Хотя речи в пьесах и отдельные строки обладают красотой, которая искушает ухо остановиться на них из-за их эвфуизма, все же предложение настолько нагружено смыслом и так связано со своими предшественниками и последователями, что логик удовлетворен. Его средства так же восхитительны, как и его цели; каждое подчиненное изобретение, с помощью которого он помогает себе соединить какие-то непримиримые противоположности, — это тоже поэма. Он не вынужден спешиваться и идти пешком, потому что его лошади убегают с ним в каком-то далеком направлении: он всегда едет верхом.
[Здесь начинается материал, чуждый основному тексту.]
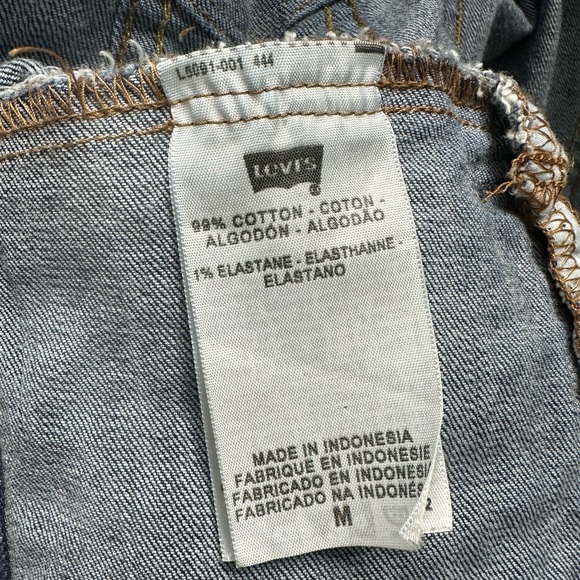 Levi Jean Jacket - Picture 3 of 5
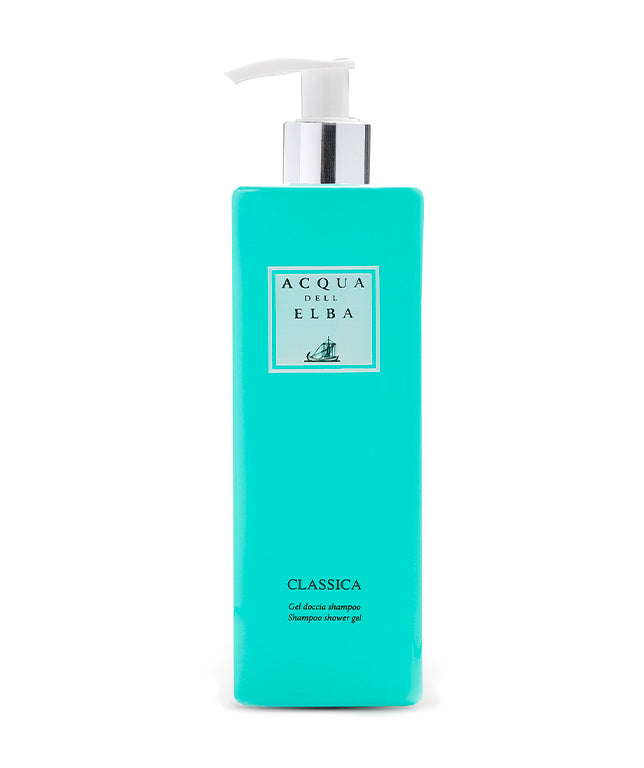 Acqua dell'Elba Classica Uomo Gel Doccia Shampoo - 500 ml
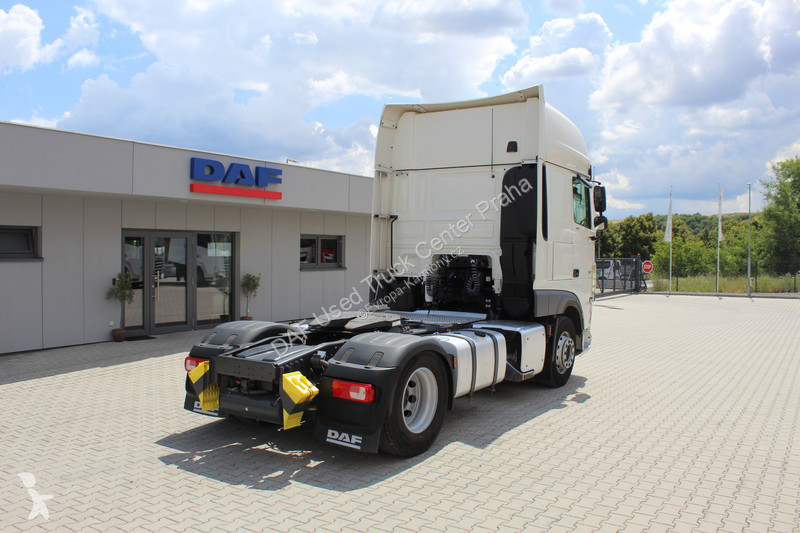 Tahač DAF 480 FT 4X2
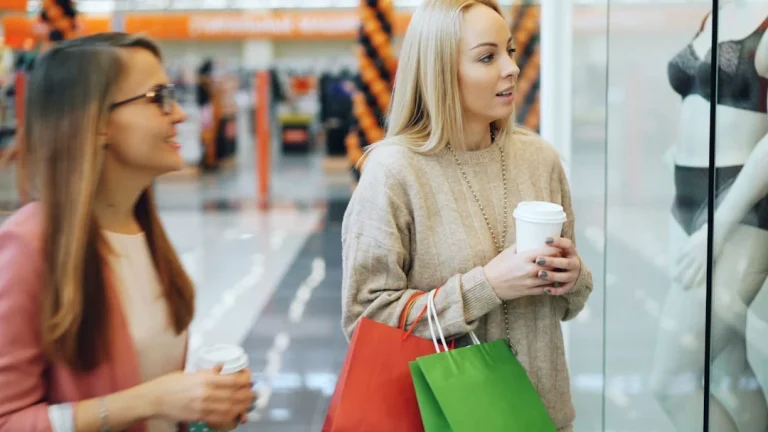 Customer Psychology Shopping Experience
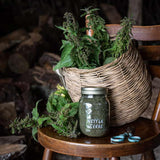 Generic Natural Nettle Seeds 250g with measuring spoon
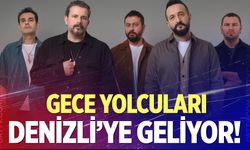 Gece Yolcuları Denizli konseri ne zaman? Konser biletleri ne kadar?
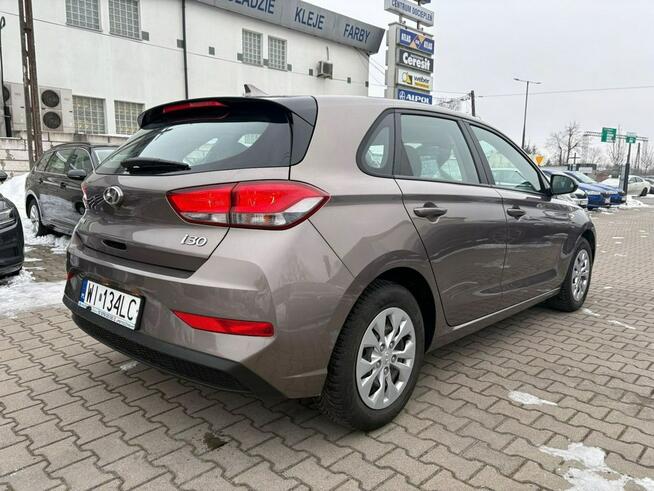 Hyundai i30 Salon Polska, Pierwszy właściciel, Bezwypadkowy,6 biegowa skrzynia.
Лучшая поэзия была сначала опытом: но мысль претерпела трансформацию с тех пор, как была опытом. Культурные люди часто достигают хорошей степени мастерства в написании стихов; но легко прочитать через их стихи их личную историю; любой, знакомый с партиями, может назвать каждую фигуру: это Эндрю, а это Рэйчел. Смысл, таким образом, остается прозаическим. Это гусеница с крыльями, а не еще бабочка. В уме поэта факт полностью перешел в новый элемент мысли и потерял все, что является сброшенной кожей. Эта щедрость остается с Шекспиром. Мы говорим, исходя из правдивости и близости его картин, что он знает урок наизусть. И все же нет ни следа эгоизма.
Еще одна королевская черта должным образом принадлежит поэту. Я имею в виду его жизнерадостность, без которой никто не может быть поэтом — ибо красота — его цель. Он любит добродетель не за ее обязательство, а за ее грацию: он наслаждается миром, мужчиной, женщиной за тот прекрасный свет, который исходит от них. Красоту, дух радости и веселья, он изливает на вселенную. Эпикур сообщает, что поэзия обладает такими чарами, что любовник мог бы оставить свою возлюбленную, чтобы приобщиться к ним. И истинные барды были известны своим твердым и веселым нравом. Гомер лежит в солнечном свете; Чосер радостен и прямодушен; и Саади говорит: «Ходили слухи, что я раскаялся; но какое мне дело до раскаяния?» Не менее суверенен и весел — гораздо более суверенен и весел тон Шекспира. Его имя внушает радость и освобождение сердцам людей. Если бы он появился в любой компании человеческих душ, кто не пошел бы в его отряде? Он не касается ничего, что не заимствует здоровье и долголетие из его праздничного стиля.